Just a Wednesday – Just Another Bummer
Unless I was having an hallucination, I saw a rat on the cement at the bottom of the stairs when I flicked the basement light switch. It ran behind my large, still-wrapped Blick artist canvas though it did not run back out when I pushed the canvas flat against the wall after hesitantly and gingerly coming down the one-step-at-a-time stairs. Maybe I’ll gather courage and pull the canvas away from the wall in a while, try to be ready for an aggressive rat’d-self-protective leaping attack, me currently armed with the only protection at hand – a yard stick.
These were not the fun images I was previously having out in the back yard – with two lounging rabbits on the grass and the tick tick tick of a hummingbird above in an apple tree, early mist brightening in the cool, fresh morning. Maybe rabbits and rats are distant cousins I’m thinking, though probably not, and it’s a little disconcerting to have to worry about a rat running up my pant leg while I write these Morning Pages on the far side of the table, especially since I will soon move over to other side and the computer, my back turned then from the disappearing-act hiding place of that long-tailed daymare.

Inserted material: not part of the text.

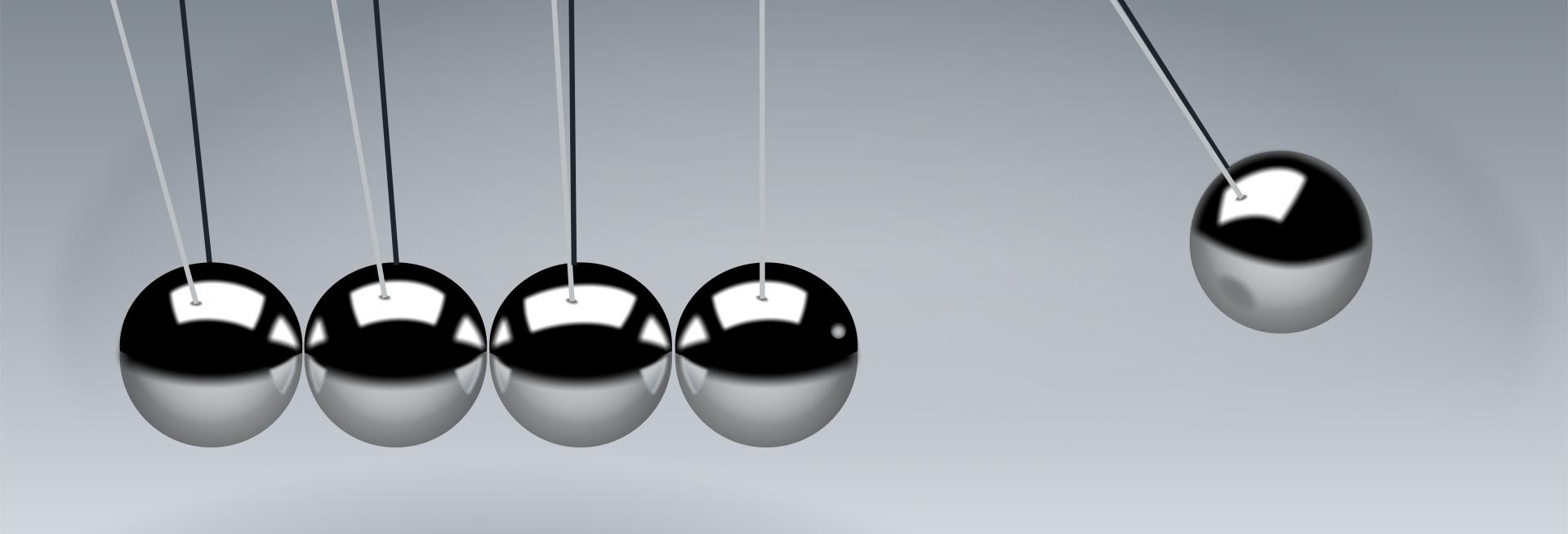 a close-up of a newton's cradle with one ball raised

Oh – 2020. Is it me or are these harder than usual times? Not that we haven’t had rats down here in the basement before, though I’ve also had the feeling, via my ears, of rats scurrying around in heating vents and between floor spaces the last couple of days, yes, even before Eddie Van Halen passed – one more bummer – “I’m Hot For teacher” remaining a favorite along with his goofy grin, the lead guitar and cool synthesizer in “Jump”. Maybe I’ll YouTube both those later this morning, in honor, crank them up and hope any rats down here are more into The Stones and so not interested in “Panama” or in my daily predictable taste in music, almost exclusively these last five months with the endless aural library of The Beach Boys. All this while, of course, doing my best to continue ducking the virus, which may stick around longer than even Edgar Allen Poe would have imagined, though – this would be a solid bet – nowhere near as long as those beach boys.
Bunnies, scurrying usually invisible rats, related creepy noises just above my basement head, and – still – In my woody I will take you everywhere I go. My music softening the harsh edges of this most frightful year, this already frightful day even, transporting the way music can, to warmer and friendlier places and spaces – though, fuck you 2020, that transport lessened with Eddie now gone.
But right here and right now, before firing up the desktop and slipping into the narcotic escape of a YouTube world – all sunny and soft summer breezed – I’ll have to carefully make my way back up the stairs, wide awake aware of potential fleshy nibbles out of the shadows, and go to the back door where we have a thick rounded piece of hard wood ready for any zombie-like visit from white supremacists, grab that lumber and carry it back down here, more than enough equalizer for a bum rush of one rattus rattus, this image, sadly, butting heads with my everyday life living tendencies of the Buddhist “Ahimsa”, which translates to doing no harm.
Then again, time passes slowly, it seems, in 2020 and already today, it’s not yet 7:30 in the a.m., and we have rats and caucasian imbeciles and no more Eddie Van Halen and a new-age plague and we have thankfully, as well, YouTube and Don’t Worry Baby.